The P70 has an above-average specification, with a 12.0-megapixel sensor, a 4x wide-angle zoom lens and a nice high-res 2.7in LCD monitor all housed in a sturdy all-metal body. It is available in red, blue or silver colour shown here.
Previous Pentax compacts have usually been quite square and box-like, but the P70 has rounded ends and is extremely slim, measuring just 21.5mm at its thickest point, so it slips easily into any shirt pocket. The controls are relatively large and sensibly arranged, but unfortunately the shape does make it quite difficult to grip the camera securely, especially if your hands are a bit slippery.
The P70 is primarily a point-and-shoot snapshot camera, but it does have one or two interesting features. The zoom range is unusual, extending from 27.5mm to 110mm, a good spread for typical snapshot photography. The lens is also quite fast, with a maximum aperture of f/2.6 at wide angle, and a decent speed even further up the zoom range.

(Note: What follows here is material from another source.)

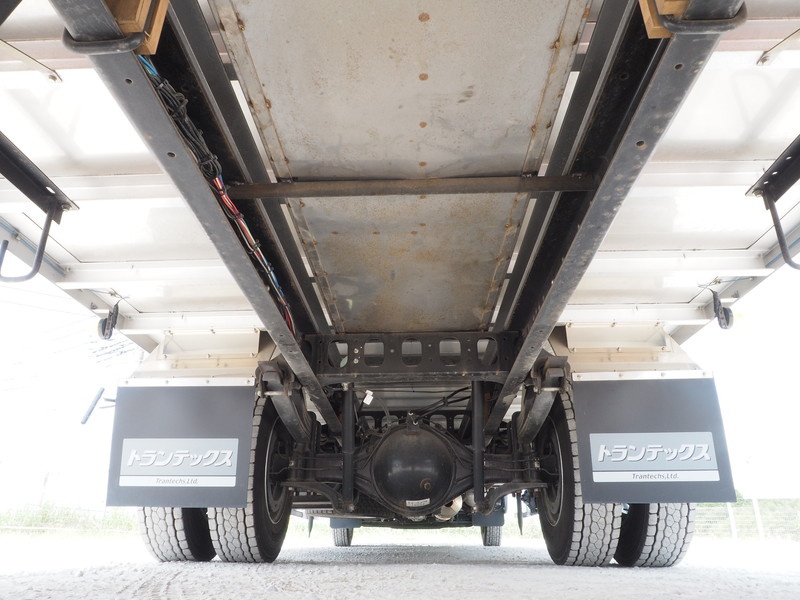 日野 レンジャープロ 冷凍バン 中型 TKG-FD7JLAA 年式 H27[写真38]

The P70 has a video mode capable of 1280 x 720 pixels, but it can only manage 15 frames per second at this resolution. It can shoot at 30fps at 640 x 480 pixels, with mono audio, but in neither setting can the optical zoom be used.
Another advanced feature is the face detection system, which is certainly better than average. It can recognise faces even in quite low light, or when the face isn’t pointing straight at the camera. It’s not 100% reliable, but then such systems seldom are.
One interesting feature is the enticingly named Pixel Track SR, which is a digital image stabilisation system that attempts to correct blur caused by camera shake at slow shutter speeds. It is quite effective, adding about two stops of extra low-speed stability, but it does dramatically increase the shot-to-shot time, which isn’t massively quick to start with.
The camera’s performance is good in parts. It starts up in approximately 2.25, and takes nearly 3.0 seconds to shut down again, which is rather slow by recent standards. Shot-to-shot time at the highest quality setting under ideal circumstances is approximately 4.5 seconds, which is very slow, but if the Pixel Track SR feature is active it can take much longer, up to 12 seconds.
This camera desperately needs a faster processor. Despite this slow performance the autofocus system is very good, focusing quickly and accurately even in low light, although without an AF assist lamp there is a limit to how far it can go.
Image quality is safely above average for its class. The lens performs well, with minimal distortion or chromatic aberration, good edge-to-edge sharpness and plenty of fine detail. As usual there’s no decisive advantage over a 10MP camera, and dynamic range is distinctly limited, but at least image noise is well handled. It produces good results at up to 800 ISO, and even 1600 ISO produces printable results.
The P70 has some good points; it looks great, has good build quality, is easy to use, and the zoom range is ideal for snapshots. Overall image quality is also good, but the slow performance is a serious handicap.